--- START ---

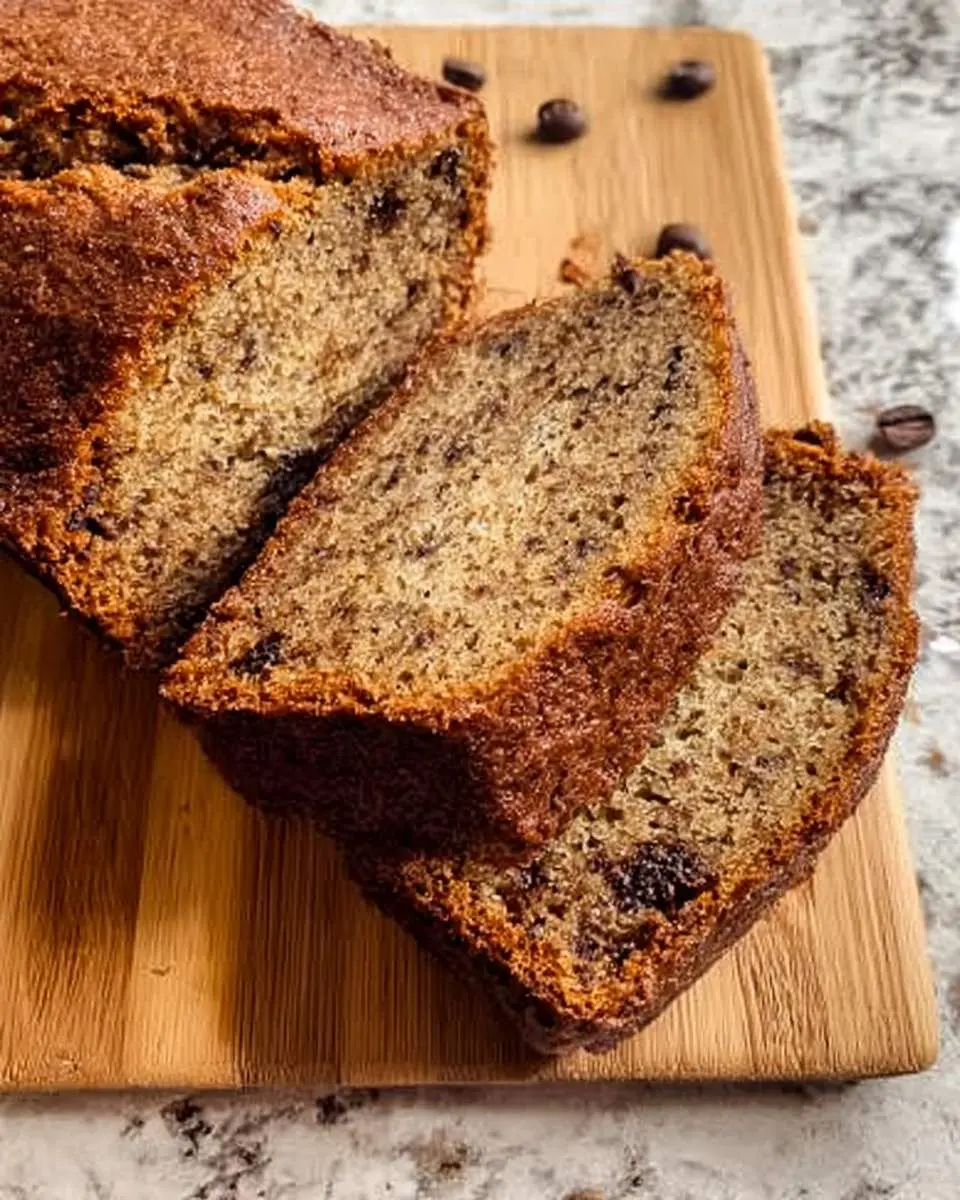 Sliced loaf of moist Coffee Banana Bread on a wooden cutting board with scattered coffee beans.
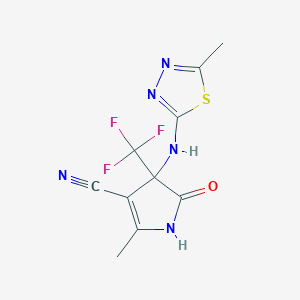 2-methyl-4-[(5-methyl-1,3,4-thiadiazol-2-yl)amino]-5-oxo-4-(trifluoromethyl)-4,5-dihydro-1H-pyrrole-3-carbonitrile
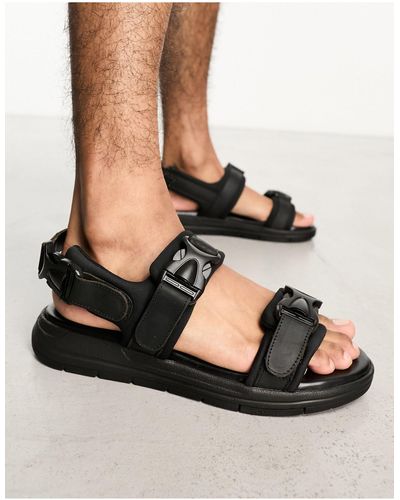 Jack & Jones Leather Tech Sandals - Black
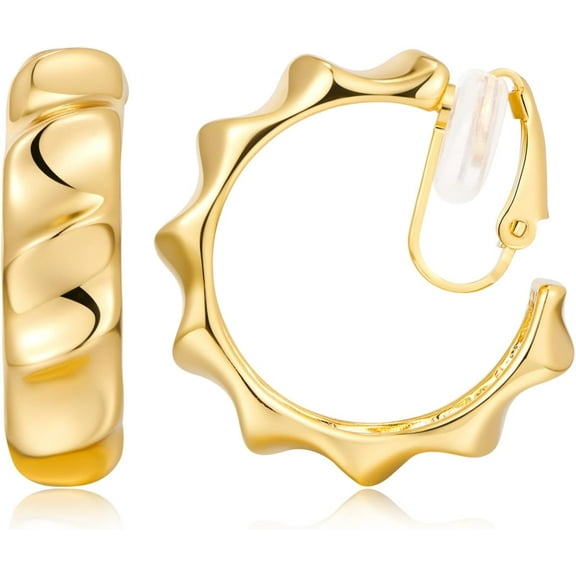 Clip On Hoop Earrings for Women Classic Large Chunky Hoops Clip On Earrings Non Pierced Hoop Earrings Minimalistic Hoop Clip Earrings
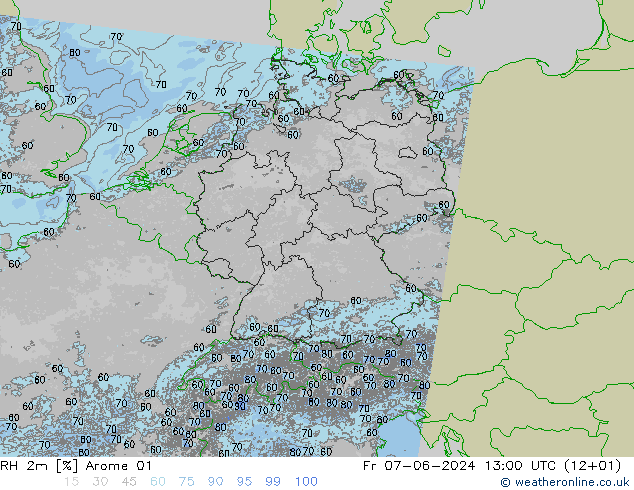 RH 2m Arome 01 Fr 07.06.2024 13 UTC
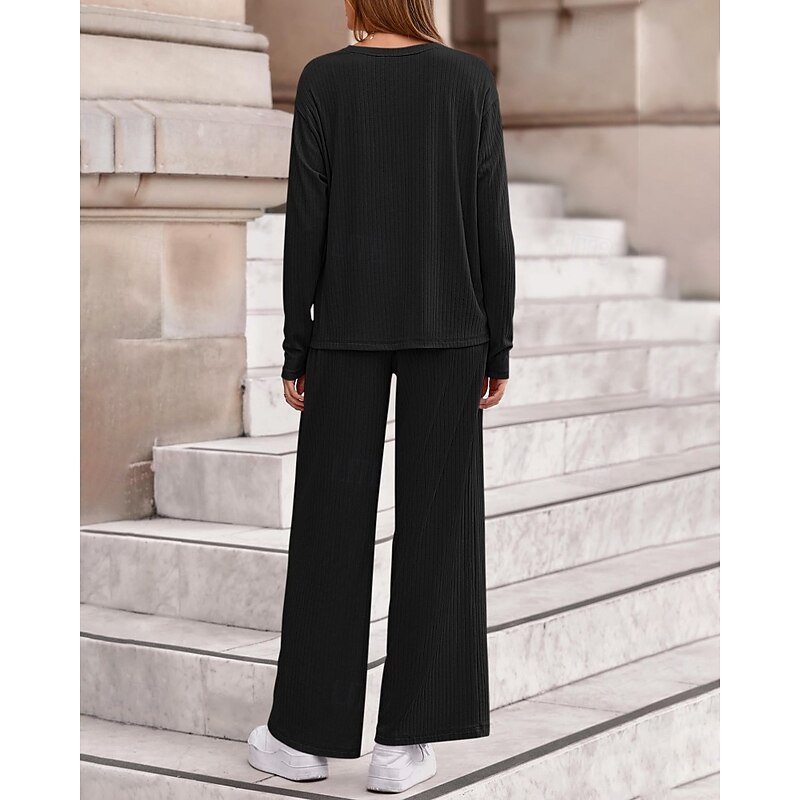 Women's Sweater Pullover Streetwear Casual Solid Color Crew Neck Knitted Long Sleeve Regular Tops Knit Daily Holiday Going out Black Pink Fall Winter4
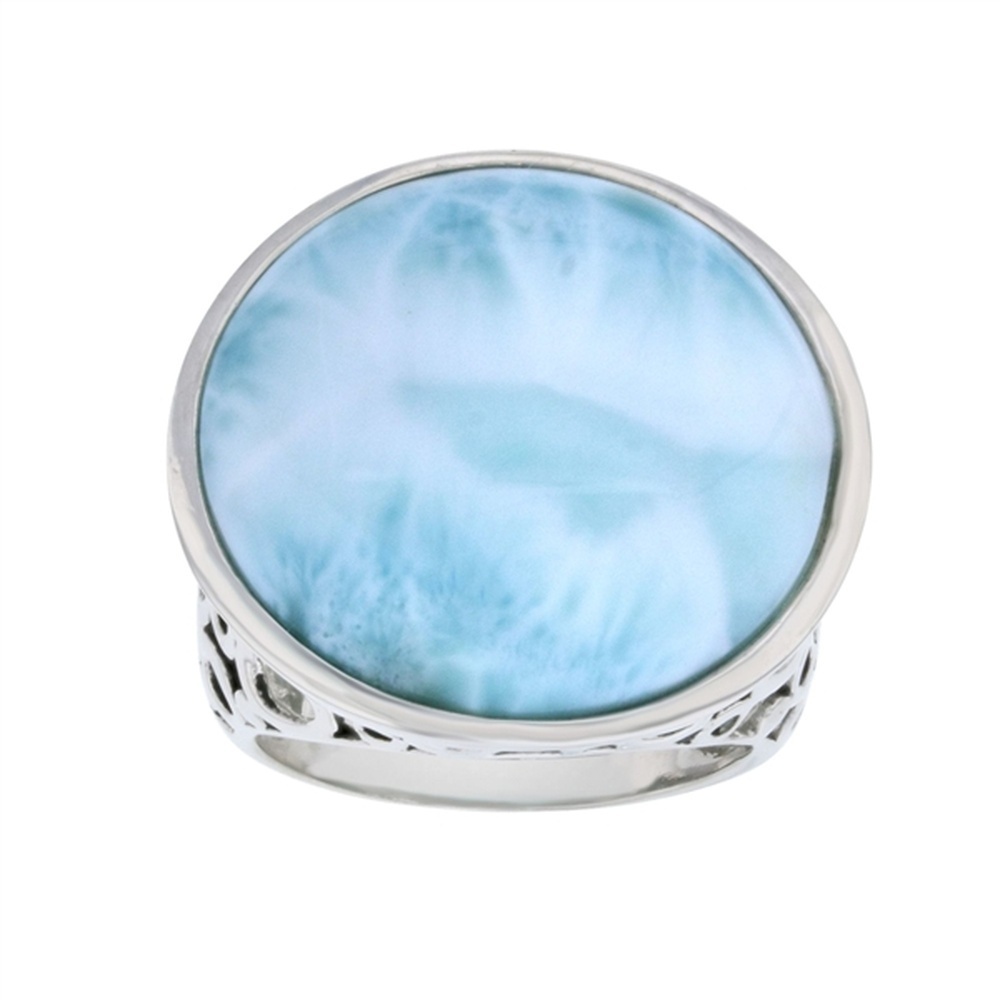 925 Sterling Silver Larimar Round 20mm w Cutout Circles Side Ring 8.2 gm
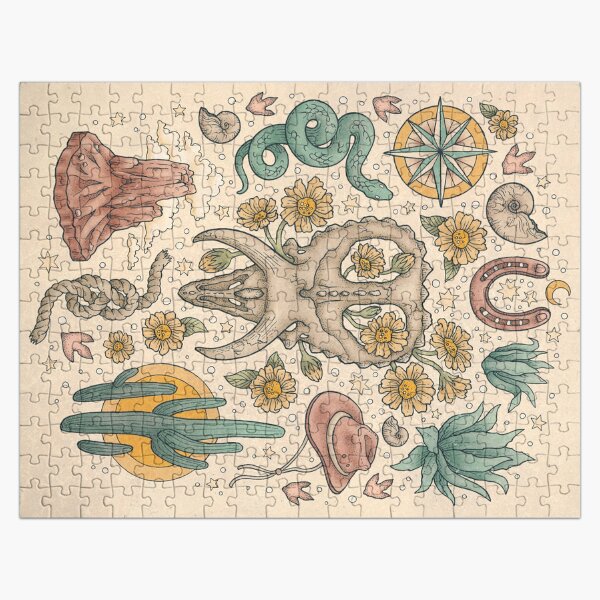 Artikel-Vorschau von Die Wüstensonnenblumen | Dinosaurier-Südwest-Abenteuerkunst | Naturhistorischer Forscher, designt und verkauft von OMEGAFAUNA.
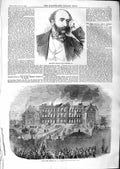 Original Old Antique Print 1859 Brigadier General Robert Walpole Fire Jersey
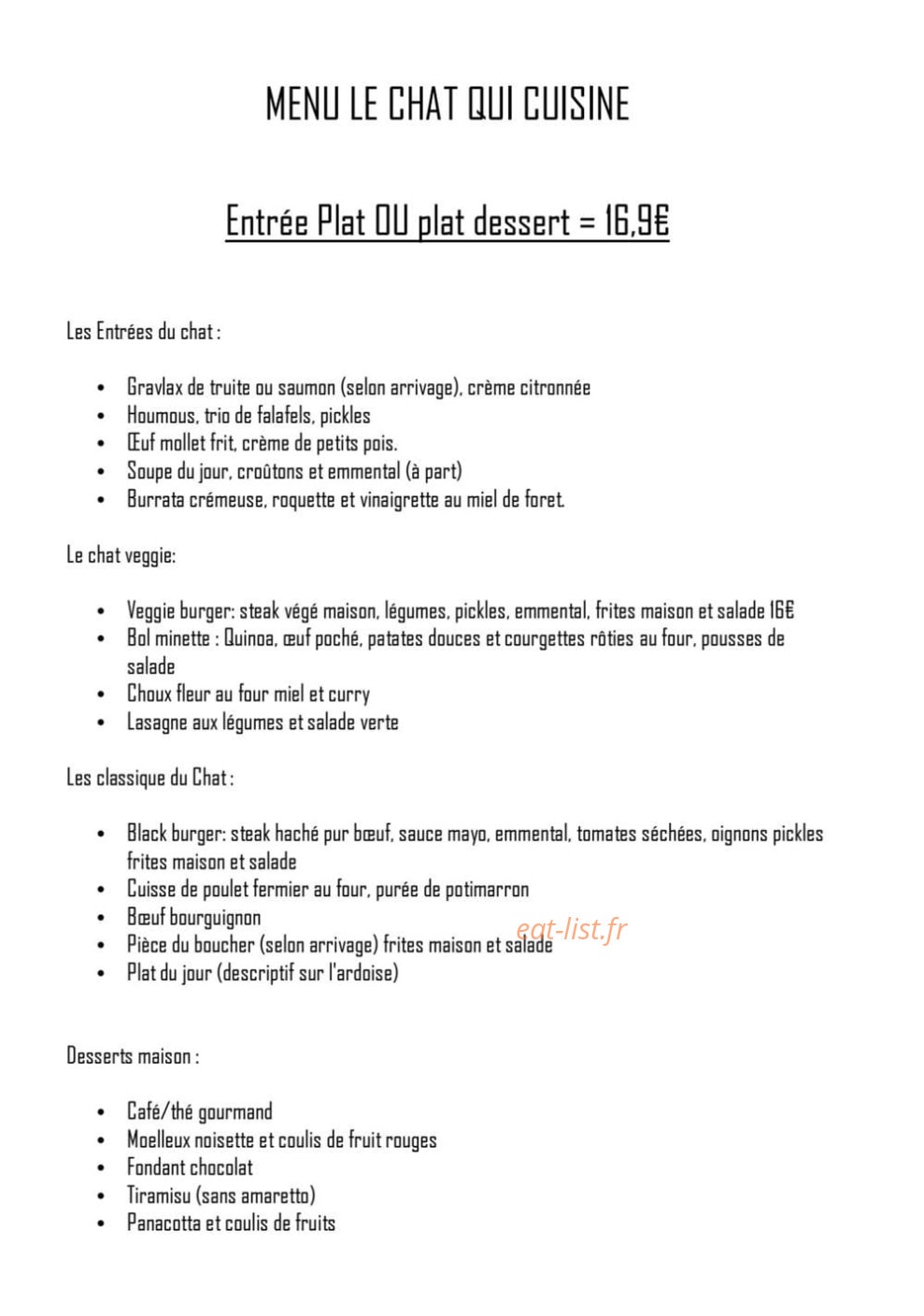 Le Chat qui Cuisine — carte page 1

--- END ---

### REQUIRED WORK
Restate word for word, and only, the lines from the line that contains "Women's Sweater Pullover" through the end of the data, both included; pictures are not part of the copy.

### RESPONSE AREA
 Women's Sweater Pullover Streetwear Casual Solid Color Crew Neck Knitted Long Sleeve Regular Tops Knit Daily Holiday Going out Black Pink Fall Winter4
 925 Sterling Silver Larimar Round 20mm w Cutout Circles Side Ring 8.2 gm
 Artikel-Vorschau von Die Wüstensonnenblumen | Dinosaurier-Südwest-Abenteuerkunst | Naturhistorischer Forscher, designt und verkauft von OMEGAFAUNA.
 Original Old Antique Print 1859 Brigadier General Robert Walpole Fire Jersey
 Le Chat qui Cuisine — carte page 1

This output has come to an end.